◆ Task prompt: What you give back should be exactly the lines from the one with "finansavisen_ekstra-20181123_000_00_00_044.pdf" through the end of the data, without the pictures.

Data to process: Begin

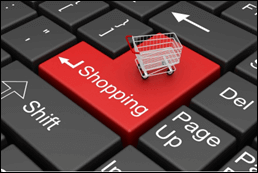 How to Test an Ecommerce Applications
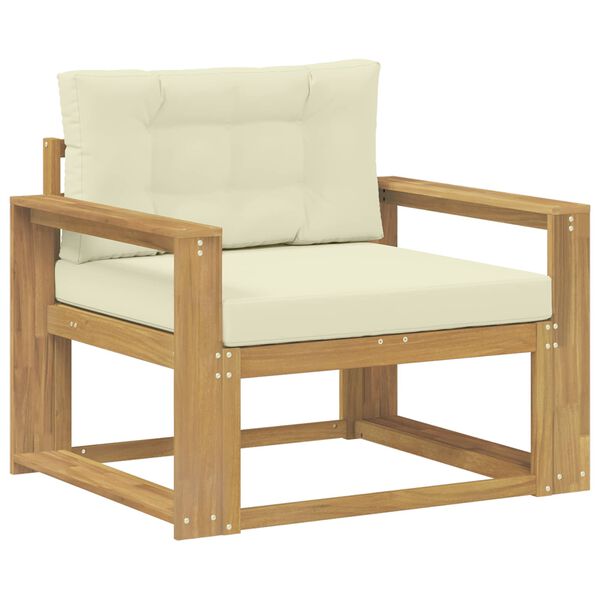 Zobrazuje sa obr&aacute;zok produktu 1 z 8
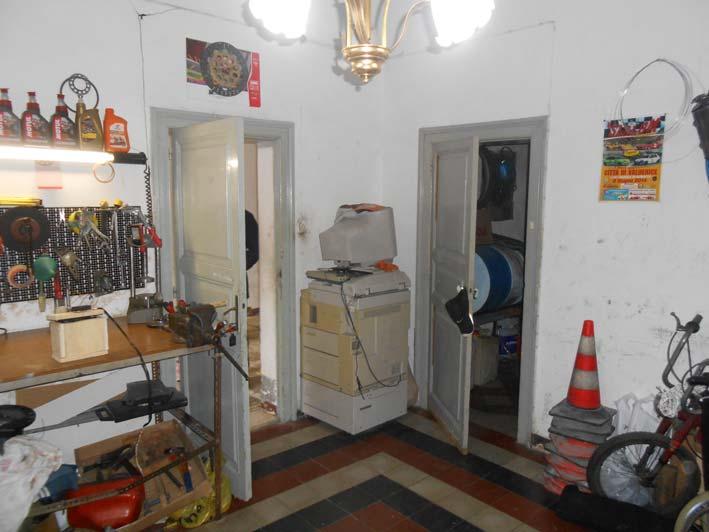 immobile terreno all'asta in Via Rizzuto, 91019 Valderice TP, Italia Valderice, Trapani - 4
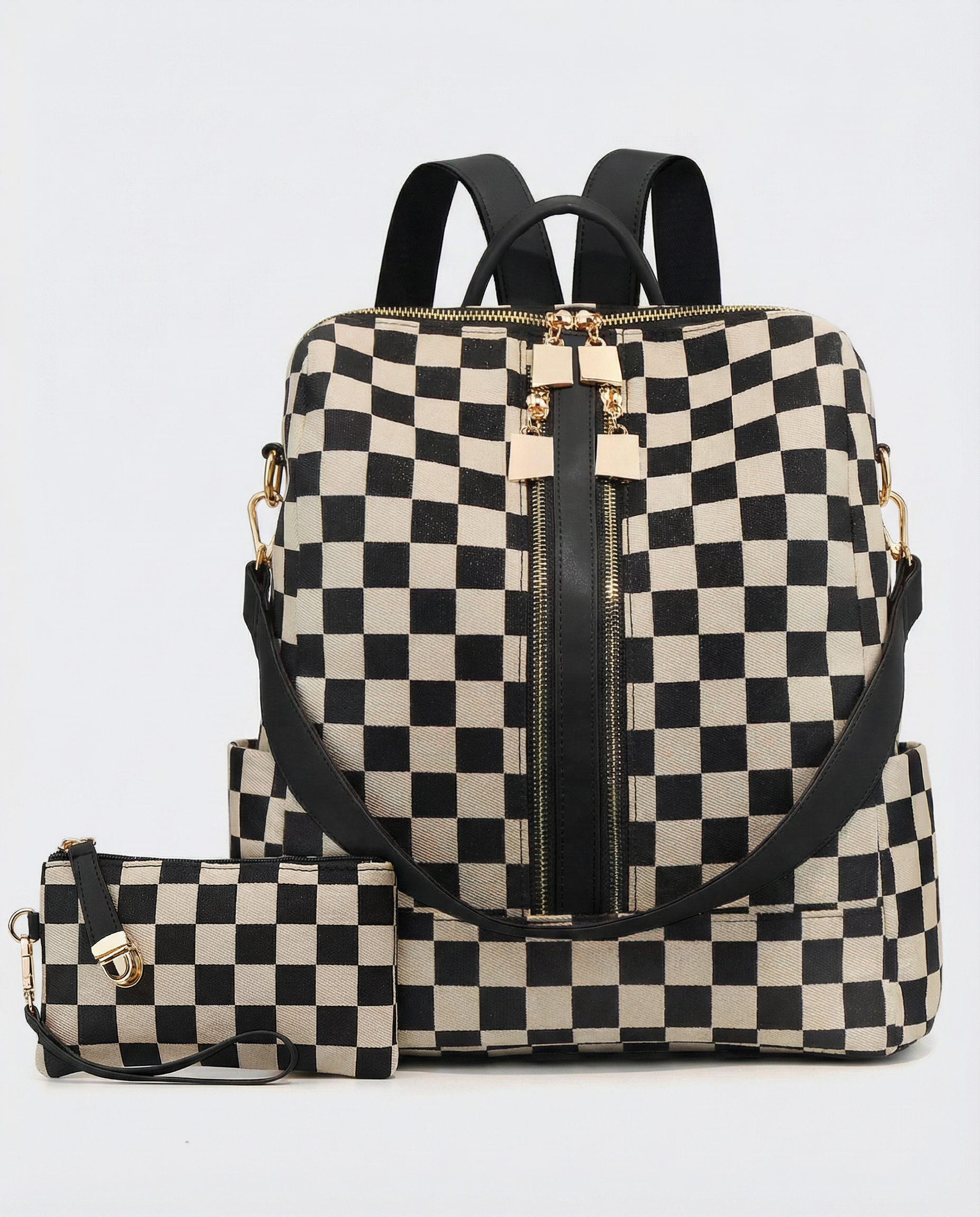 The colette mochila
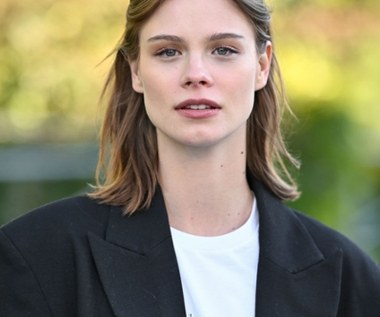 Młoda polska gwiazda pilnie strzeże swojej prywatności. Co wiemy o jej życiu?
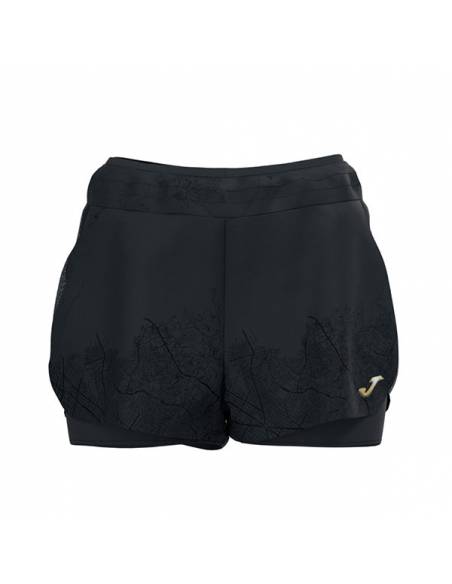 Pantalon corto senderismo Joma r night TyS camisetas y sudaderas - 2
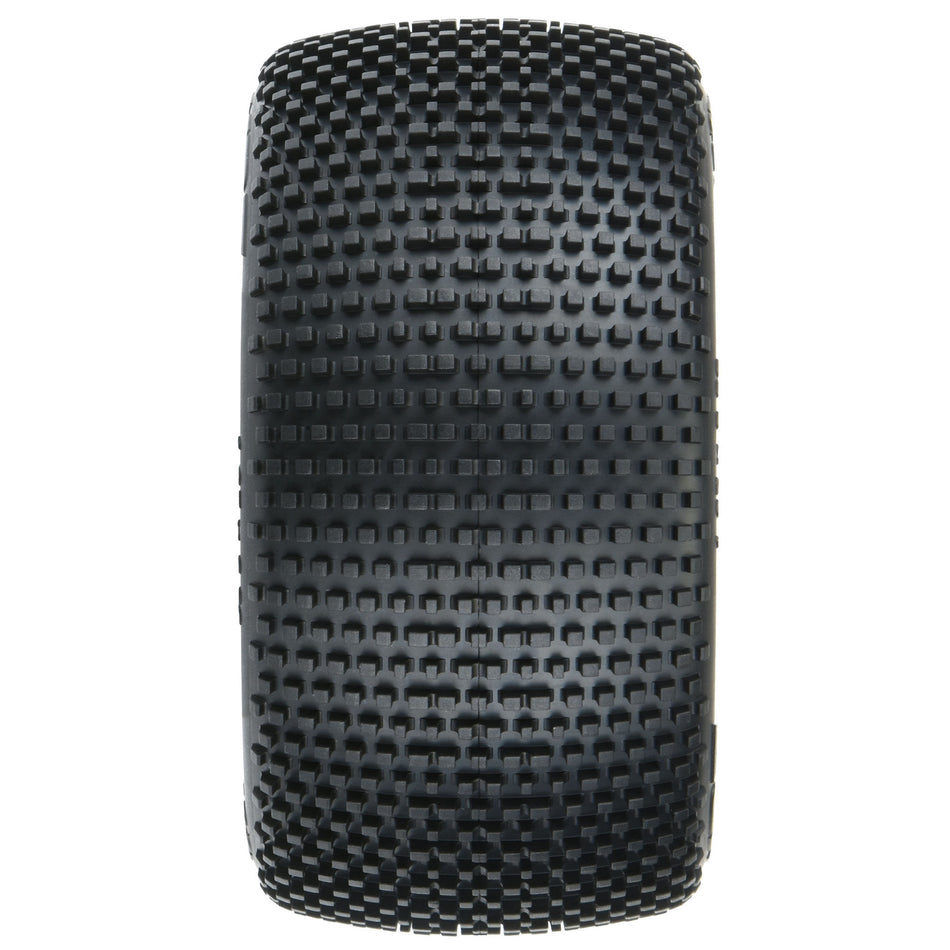 Pro-Line Hole Shot 3.0 2.2" M4 Buggy Re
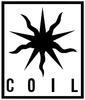 Coil's Avatar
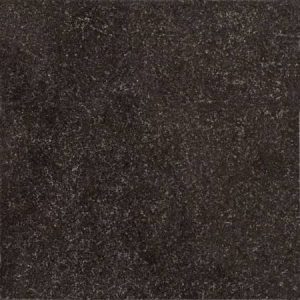 Granito Negro Uruguayo Marmoleria Giacomo Portaro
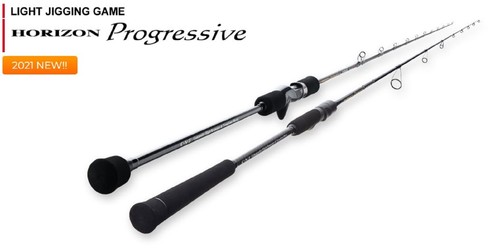 Tenryu rod filature - tenryu,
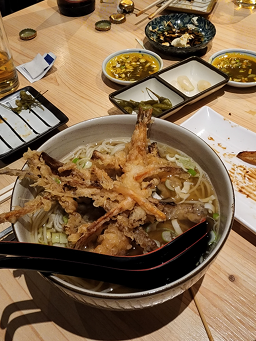 부산정 사진 3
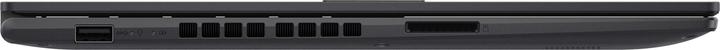Actual product image ASUS VivoBook 16X (16", Intel Core i9-13900H, 32 GB, 1000 GB, CH)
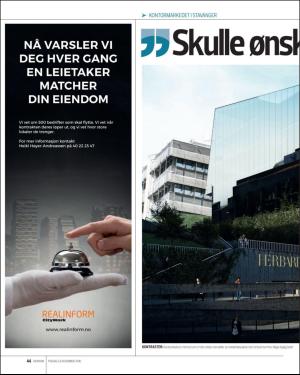 finansavisen_ekstra-20181123_000_00_00_044.pdf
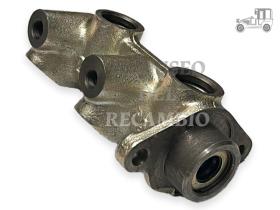 Cilindro principal freno Bedford-Opel-Vauxhall Recambio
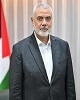 ادعای سی ان ان:یک هواپیما یا پهپاد موشک را به اتاق خواب هنیه شلیک کرده است/ نیویورک‌تایمز: «مرد صلح» کشته شد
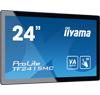 IIYAMA TF2415MC-B2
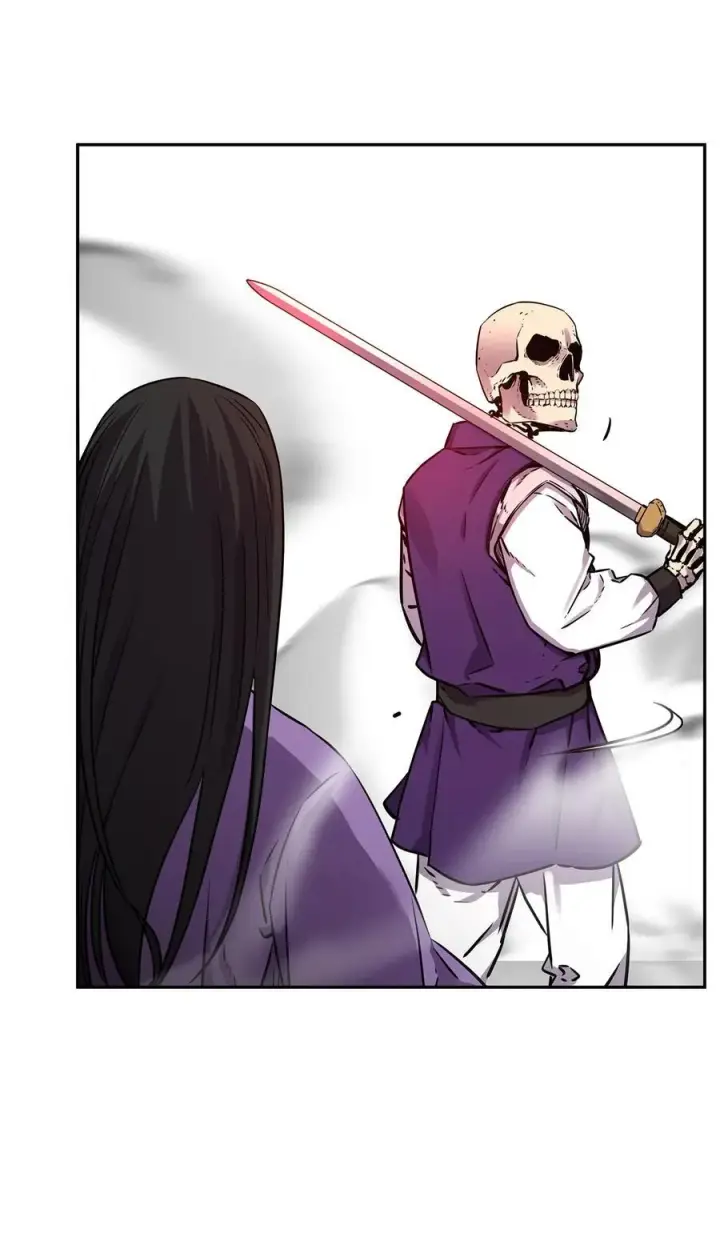 《不死王的轮回》115 各有突破图10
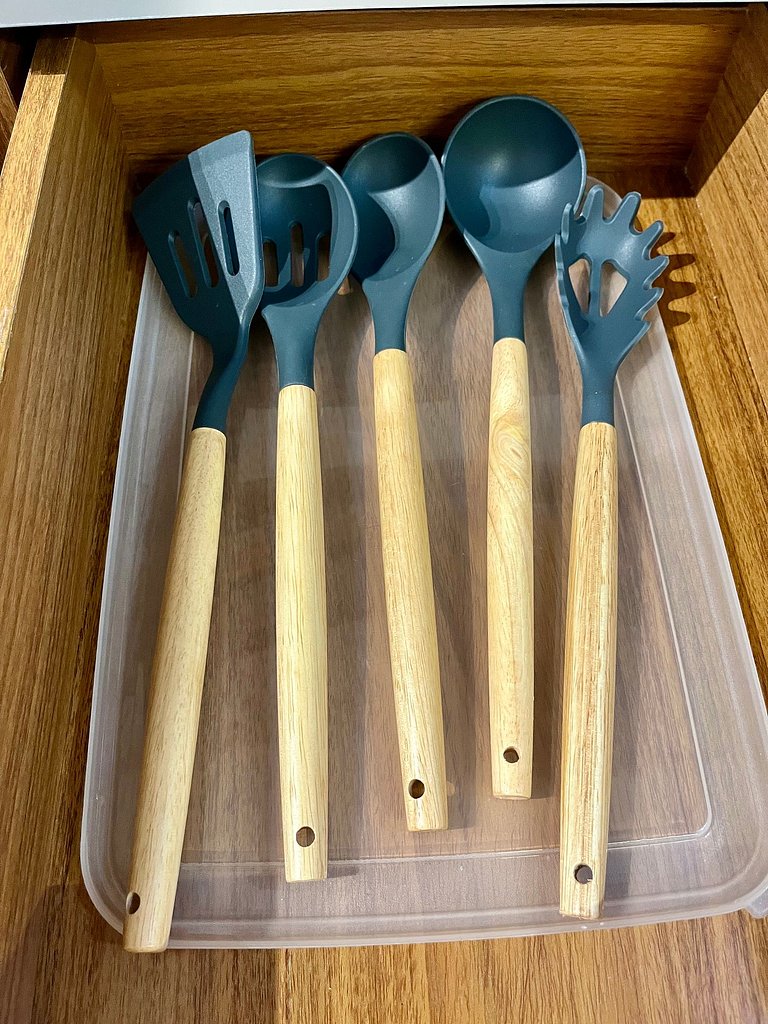 Studio Highlights 73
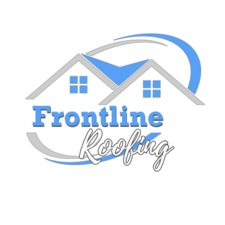 Avatar for Frontline Roofing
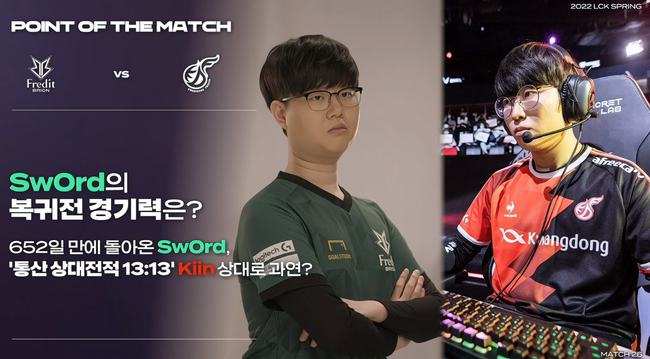 也对此表示 也对此表示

Data to process: End

◆ Answer for this exercise:
 finansavisen_ekstra-20181123_000_00_00_044.pdf
 Cilindro principal freno Bedford-Opel-Vauxhall Recambio
 ادعای سی ان ان:یک هواپیما یا پهپاد موشک را به اتاق خواب هنیه شلیک کرده است/ نیویورک‌تایمز: «مرد صلح» کشته شد
 IIYAMA TF2415MC-B2
 《不死王的轮回》115 各有突破图10
 Studio Highlights 73
 Avatar for Frontline Roofing
 也对此表示 也对此表示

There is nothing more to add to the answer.